Durante sua participação no evento Brazil Economic Forum em Davos, na Suíça, o ministro do Supremo Tribunal Federal (STF) Gilmar Mendes criticou o atual modelo de distribuição de emendas parlamentares entre o Executivo e o Congresso Nacional. Como alternativa, propôs a implementação do semipresidencialismo.
Gilmar avalia que, no atual modelo de distribuição de emendas, as notícias sobre o tema “não estão apenas nas páginas da política, mas estão nas páginas policiais”, impondo o debate sobre alternativas ao mecanismo que hoje é considerado a principal moeda de troca entre Executivo e Legislativo. O ministro avalia que as emendas parlamentares foram desfiguradas a partir de 2015, quando começaram a ganhar seu caráter impositivo.
“É um modelo esquisito, estrambótico. O parlamentar participa da execução da política, propõe, mas não tem responsabilidade. Por outro lado, nós vivemos já, nessa quadratura que vai de 1988 até os nossos dias, dois impeachments presidenciais regulados e concretizados”, declarou. Gilmar Mendes revelou ter se debruçado sobre a possibilidade de transição ao semipresidencialismo junto ao ex-presidente Michel Temer, que também é professor de Direito Constitucional, e outros pesquisadores.
Leia também
“Há reformas institucionais que também precisam ser discutidas. Michel [Temer], eu e outros discutimos no Brasil um pouco lá atrás e chegamos a formular um projeto de semipresidencialismo. […] É um tema que certamente já está na agenda de 2025 e sobre qual nós teremos que nos debruçar”, declarou o ministro durante o fórum empresarial na Suíça. Também palestrante no evento, Temer defendeu o fim da reeleição e a adoção de um mandato único de cinco ou seis anos para o presidente da República.

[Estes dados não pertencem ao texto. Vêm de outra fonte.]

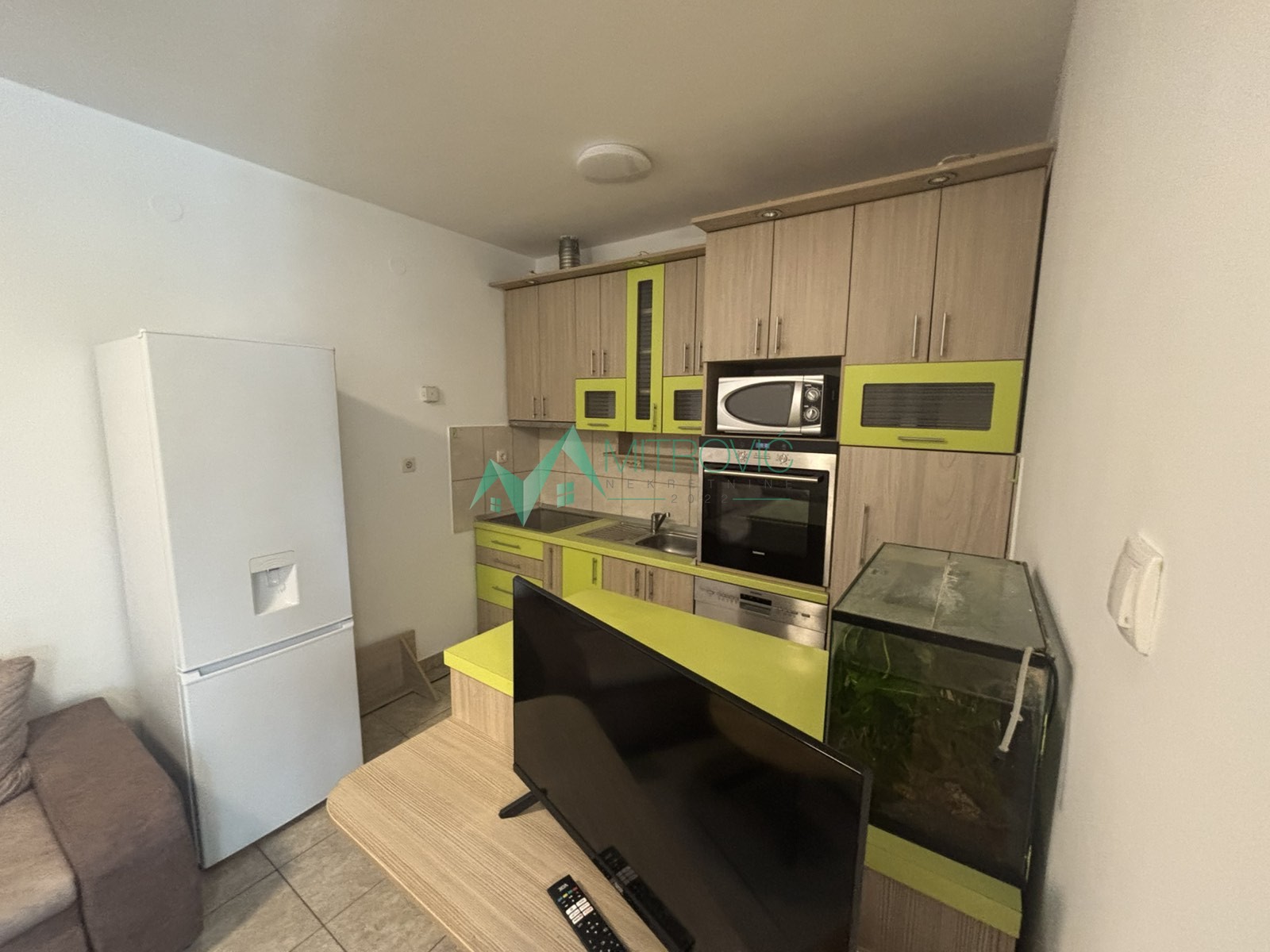 izdavanje-bulevar-patrijarha-pavla-9101401-fy3qu Novi Sad, Telep, stan sa parkingom – 48m2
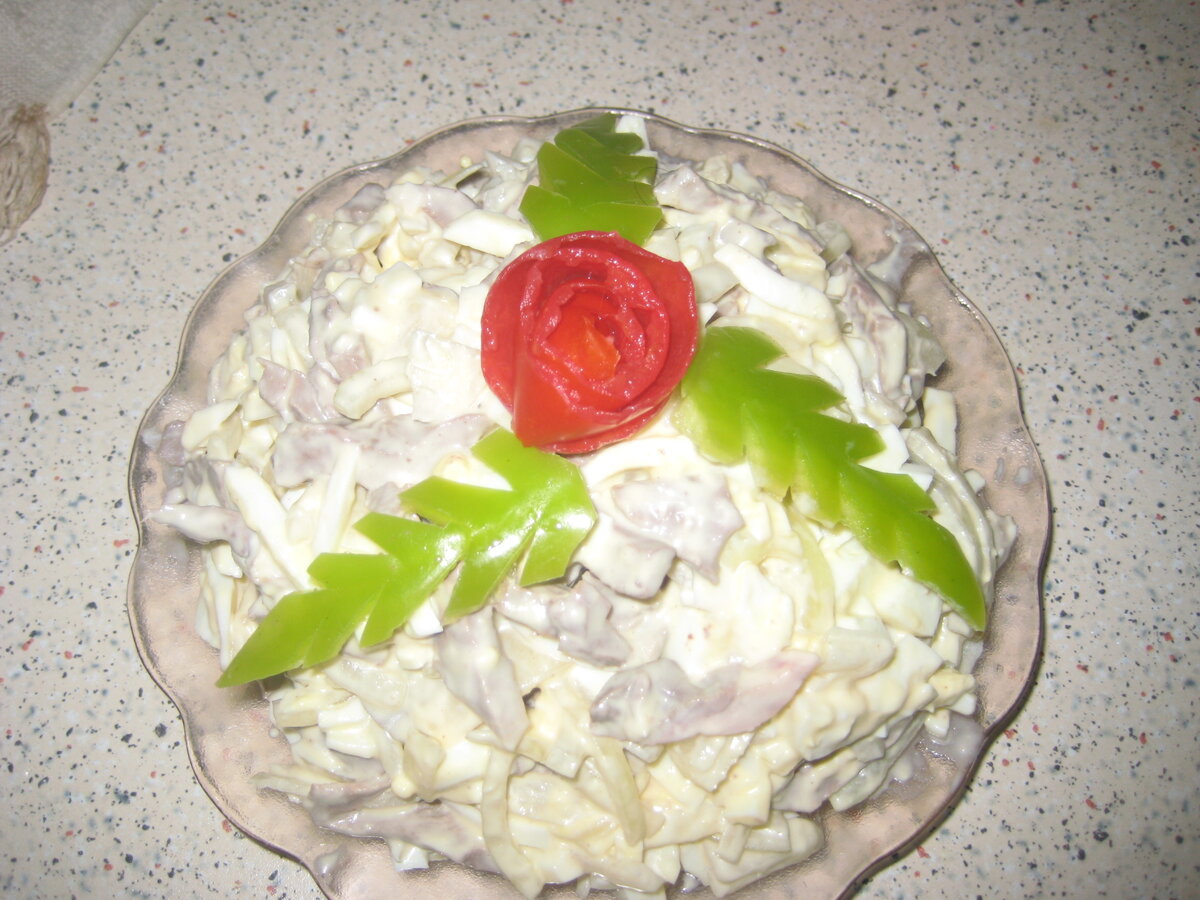 Предлагаю вам рецепт вкусного салата из сердца, который быстро готовится и получается очень вкусным.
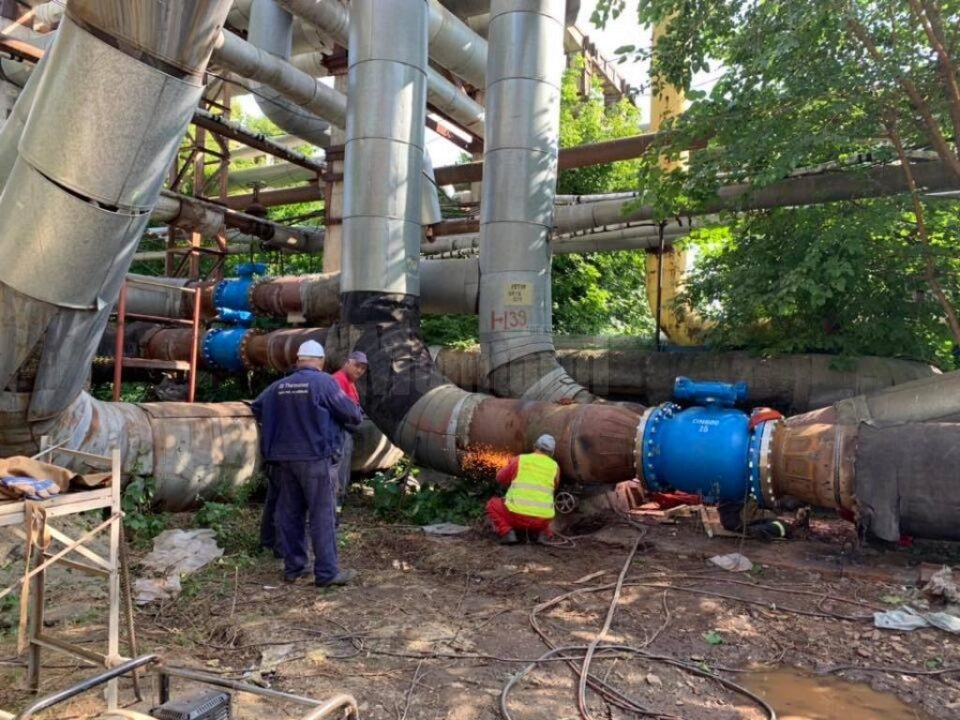 Revizia de vară la sistemul de termoficare a fost finalizată, fiind luate măsuri pentru scurtarea timpilor de intervenție în caz de avarii Revizia de vară la sistemul de termoficare a fost finalizată, fiind luate măsuri pentru scurtarea timpilor de intervenție în caz de avarii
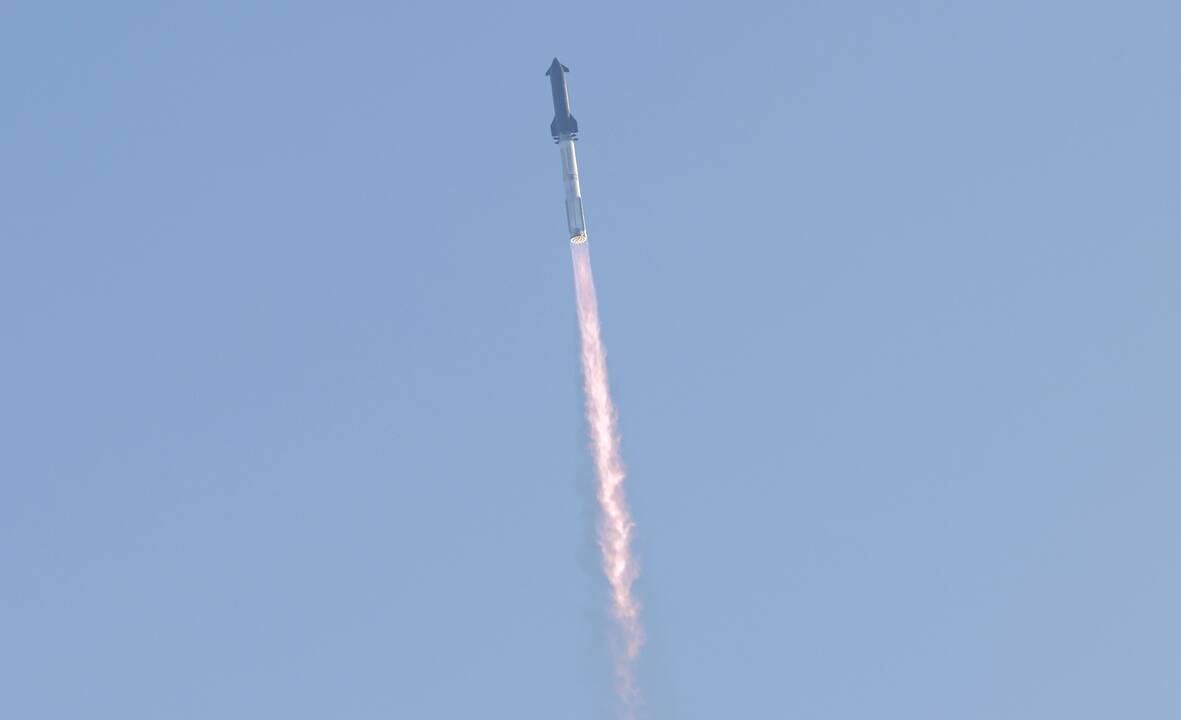 JAV stabdo „Starship“ raketų skrydžius po sprogimo bandymo metu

O sistema de governo semipresidencialista é um modelo que mistura elementos do parlamentarismo e inclui um presidente que é eleito pelo povo e que tem a capacidade de influenciar a política do país. Muitos países adotaram esse sistema após uma transição do parlamentarismo, e a autonomia do presidente pode variar bastante de uma nação para outra.

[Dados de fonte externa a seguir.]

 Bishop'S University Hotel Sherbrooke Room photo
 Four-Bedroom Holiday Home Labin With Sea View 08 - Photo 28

De acordo com um estudo da Universidade de Oxford, o semipresidencialismo é um sistema presente em mais de 50 países, incluindo Portugal, França e várias nações do Leste Europeu.

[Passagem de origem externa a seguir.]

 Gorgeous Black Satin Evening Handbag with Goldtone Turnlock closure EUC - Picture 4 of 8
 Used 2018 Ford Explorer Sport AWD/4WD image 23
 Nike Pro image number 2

A declaração de Gilmar Mendes foi feita em meio à suspensão de R$ 4,2 bilhões em emendas parlamentares de comissão por determinação do ministro Flávio Dino: decisão que um dos diversos momentos de atrito entre Legislativo e Judiciário diante de indícios de irregularidades na execução das emendas. Gilmar Mendes não citou o caso em si, mas ressaltou que as notícias sobre o tema “infelizmente não estão apenas nas páginas da política, mas estão nas páginas policiais”.
O ministro não é a primeira autoridade a cogitar uma mudança do presidencialismo para o semipresidencialismo. Entusiasta desse modelo, o presidente da Câmara dos Deputados, Arthur Lira (PP-AL), criou um grupo de trabalho em 2022 para construir uma proposta de transição. A discussão retornou no ano seguinte, em meio à elaboração da Lei de Diretrizes Orçamentárias. O relator, Danilo Forte (União-BA), foi acusado por deputados governistas de tentar transferir toda a competência sobre a execução das emendas ao Legislativo, construindo discretamente um modelo parlamentarista, do qual ele também é defensor.
O presidencialismo, modelo vigente no Brasil, estabelece o presidente da República como chefe tanto de governo quanto de Estado. No semipresidencialismo, ele ocupa apenas a chefia de Estado: assuntos internos são tratados por um primeiro-ministro indicado pelo presidente e submetido à aprovação pelo Congresso Nacional, que passa a exercer protagonismo na gestão pública.
Argumentos dos defensores da proposta:
– Quando há crises políticas, o semipresidencialismo possibilita que o primeiro-ministro seja trocado de maneira rápida e menos traumática, ajudando a manter a estabilidade do governo.
– O Brasil tem passado por instabilidades devido a dois impeachment recentes que foram bastante difíceis.
– O Congresso Nacional ganhou mais poder para definir as leis e influenciar o orçamento, mas esse aumento de poder não veio acompanhado de mais responsabilidades pela execução dos programas de governo.
Argumentos dos contrários ao modelo:
– As crises que o Brasil enfrenta são, na verdade, políticas e têm causas complexas.
– Mudar o sistema de governo não resolve as crises; é necessário lidar com os problemas políticos que as causam, que podem ocorrer independentemente do tipo de sistema adotado.